Union leaders at Royal Mail are throwing everything at getting the poor deal they made with bosses agreed by CWU members. The union last week announced that balloting on the offer will not start until 17 May and will close on 7 June.
That means there will be several weeks in which the union tops can inundate members with propaganda in favour of the deal. But the offer is already meeting heavy resistance from rank and file members.
Last week the union was forced to respond to huge anger among workers in deliveries about later start and finish times. The CWU sent out a video that said that later times would be limited to one hour, and that this was a victory because bosses had wanted more.
But postal workers that watched it on Facebook were hardly convinced. One replied saying, “I presume the one hour is on top of the later starts that have already been implemented. Worryingly, this video has the feel of some of the propaganda Royal Mail were churning out.”
Others felt that the union had wasted its chance to impose its own vision on the company. “We are NOT interested in ‘what Royal Mail wanted’… we do not need the CWU to keep telling us that,” said one.
In a bid to win back the initiative, union leaders have organised reps’ briefings across the country starting in mid-May. Helpfully, management have agreed these can be held in work time to ensure a “good attendance”.

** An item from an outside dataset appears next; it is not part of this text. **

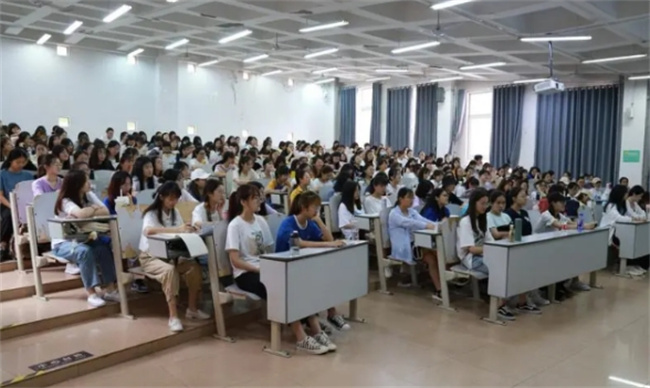 人民日报评相关企业拒聘川大学生 说明了哪些问题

Here the union will get to say how they believe Royal Mail is on the brink of bankruptcy. The deal, they will insist, is the best the union can achieve—and that the alternative is the collapse of the firm.

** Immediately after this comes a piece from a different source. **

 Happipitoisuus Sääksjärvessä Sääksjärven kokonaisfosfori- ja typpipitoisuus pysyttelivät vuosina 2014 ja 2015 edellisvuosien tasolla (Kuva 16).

But accepting the deal does not guarantee that Royal Mail won’t be broken up and sold off to rivals. Real-terms pay will fall every year during the three‑year deal. And there will be a two-tier workforce on worse conditions that bosses will use to undercut older workers.
And, the hundreds of CWU members that have been sacked or suspended during the dispute are at greater risk. They will find themselves at the mercy of a new, binding tribunal system with an anti-union lord at its head.
The alternative is for members to throw out the deal and fight for a serious strategy of strikes to bring the company to heel. For all their bluster, both bosses and the government know that a functioning national postal system is vital for all capitalist economies.
That’s why no one should fall for the blackmail that says only by attacking workers can Royal Mail stay in place.
The agreement on wages is a real‑terms pay cut over three years.
It accepts there’ll be no improvement on the 2 percent that was forced on workers last year.
The agreement lets bosses push on with plans to deliver larger parcels from dedicated “parcels hubs”.
It will introduce seasonal hours—where workers could work up to four hours longer in the winter than in the summer.
Shifts will be pushed later in many workplaces—with the last letter delivery as late as 4.30pm, hugely disrupting workers’ lives.
Two tier firm
Bosses started recruiting new workers on worse terms and conditions last year.
That incentivises bosses to get rid of existing workers and replace them with newer ones.